'''

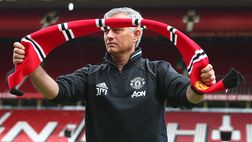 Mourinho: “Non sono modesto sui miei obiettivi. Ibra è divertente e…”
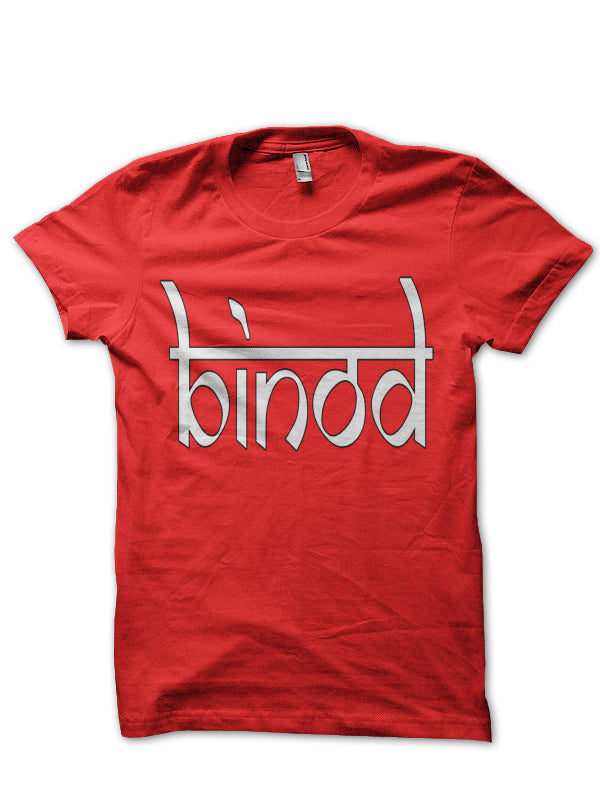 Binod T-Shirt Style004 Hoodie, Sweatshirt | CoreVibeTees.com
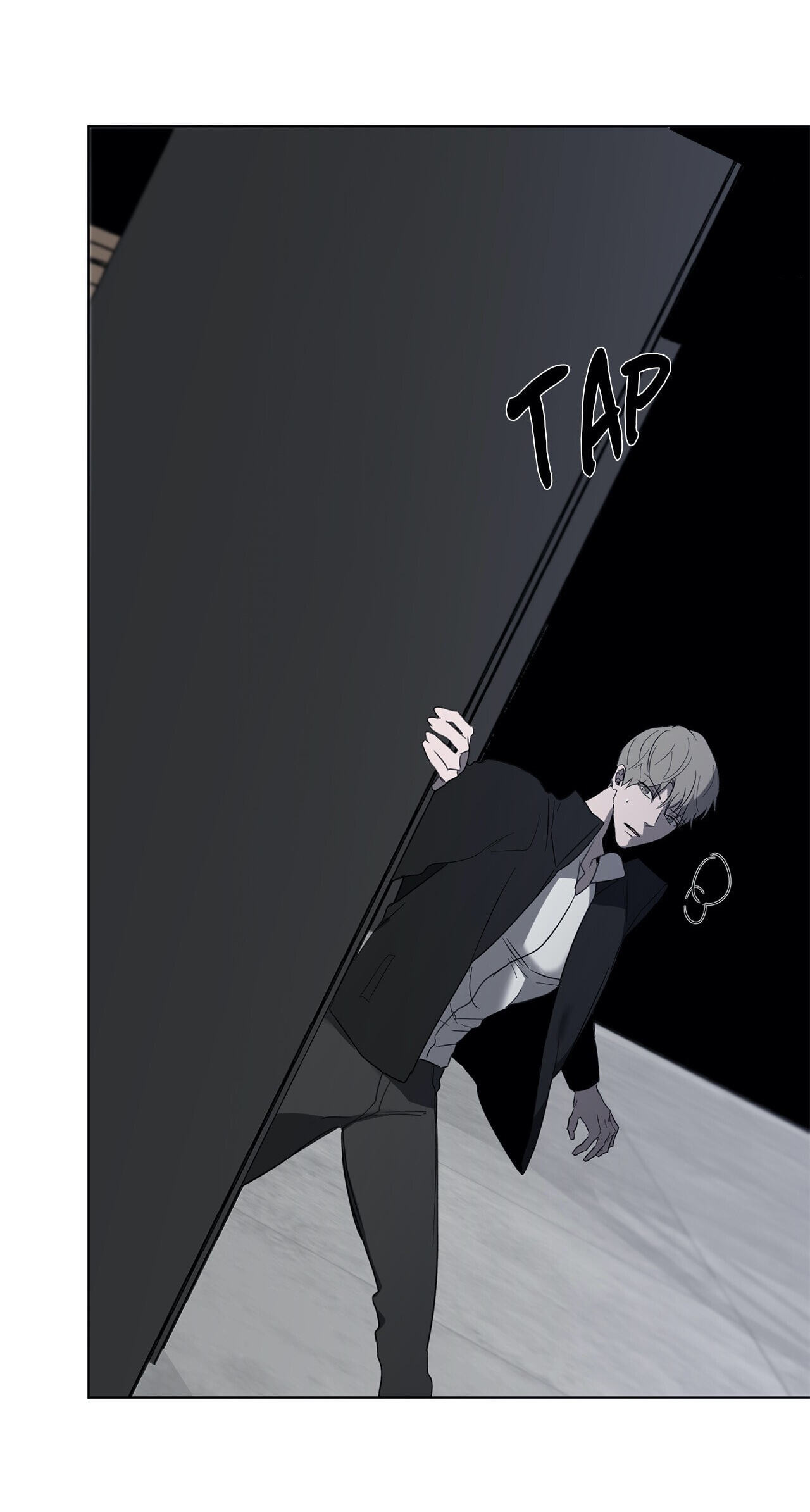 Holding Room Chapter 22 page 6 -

'''
'''

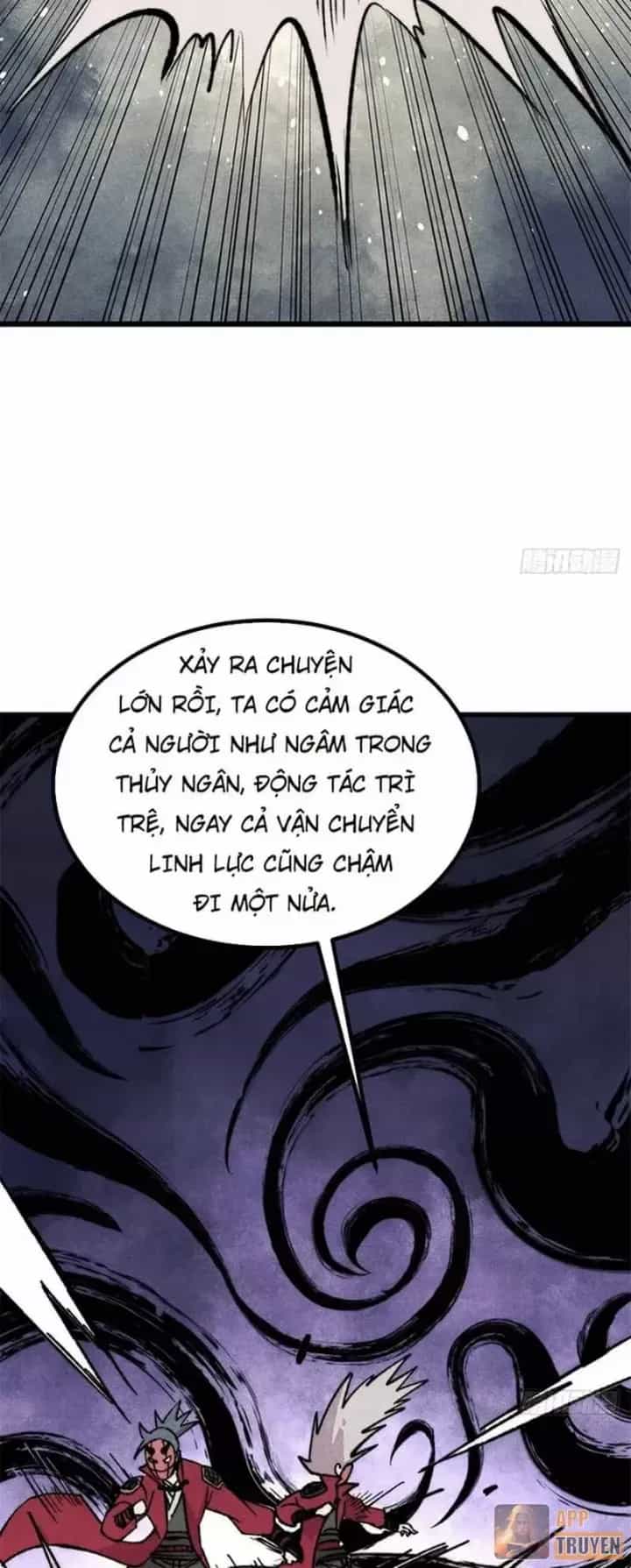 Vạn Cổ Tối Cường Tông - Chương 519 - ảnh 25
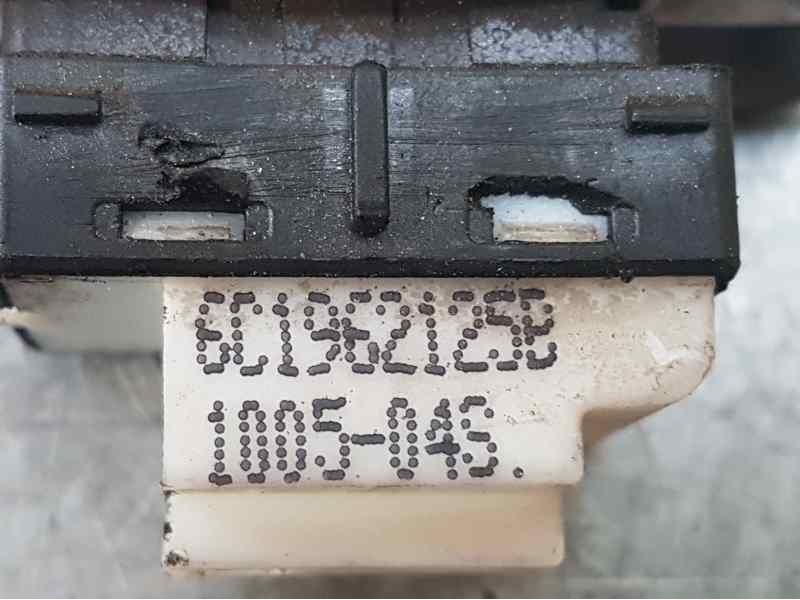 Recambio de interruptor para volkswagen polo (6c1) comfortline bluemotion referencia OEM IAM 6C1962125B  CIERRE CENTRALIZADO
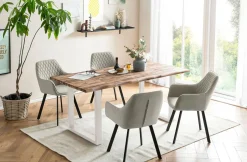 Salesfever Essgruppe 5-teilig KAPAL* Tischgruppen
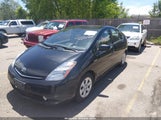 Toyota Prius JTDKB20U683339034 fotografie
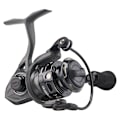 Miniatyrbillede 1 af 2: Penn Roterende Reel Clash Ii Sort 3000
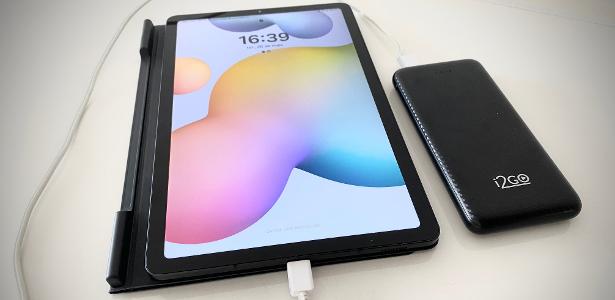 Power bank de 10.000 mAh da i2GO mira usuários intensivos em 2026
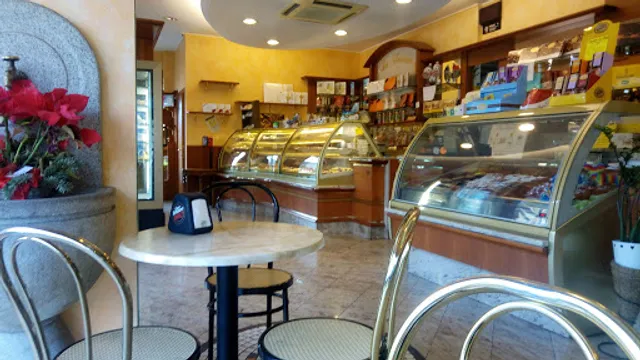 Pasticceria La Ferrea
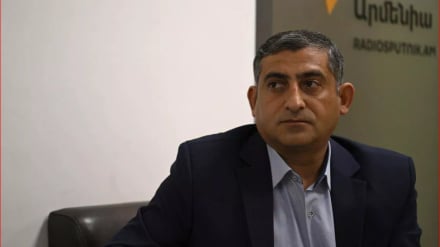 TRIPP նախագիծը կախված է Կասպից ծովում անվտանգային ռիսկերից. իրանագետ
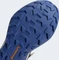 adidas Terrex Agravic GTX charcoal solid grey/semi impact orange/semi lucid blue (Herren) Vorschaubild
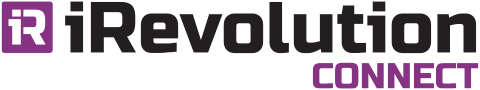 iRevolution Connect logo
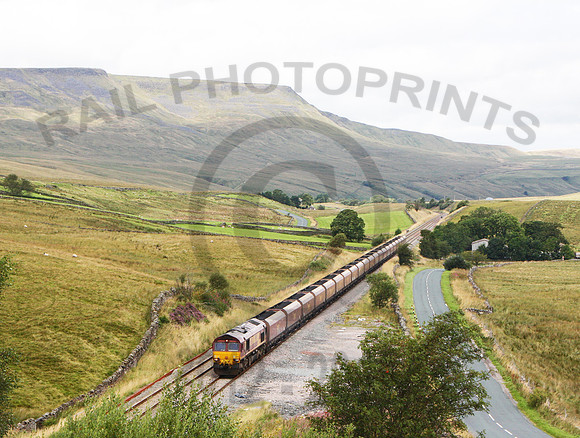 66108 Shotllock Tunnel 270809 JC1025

'''

Problem details: Transcribe only the lines above that start at the line containing "sono modesto sui" and end at the line containing "Holding Room Chapter". Omit pictures.

Result of the exercise:
 Mourinho: “Non sono modesto sui miei obiettivi. Ibra è divertente e…”
 Binod T-Shirt Style004 Hoodie, Sweatshirt | CoreVibeTees.com
 Holding Room Chapter 22 page 6 -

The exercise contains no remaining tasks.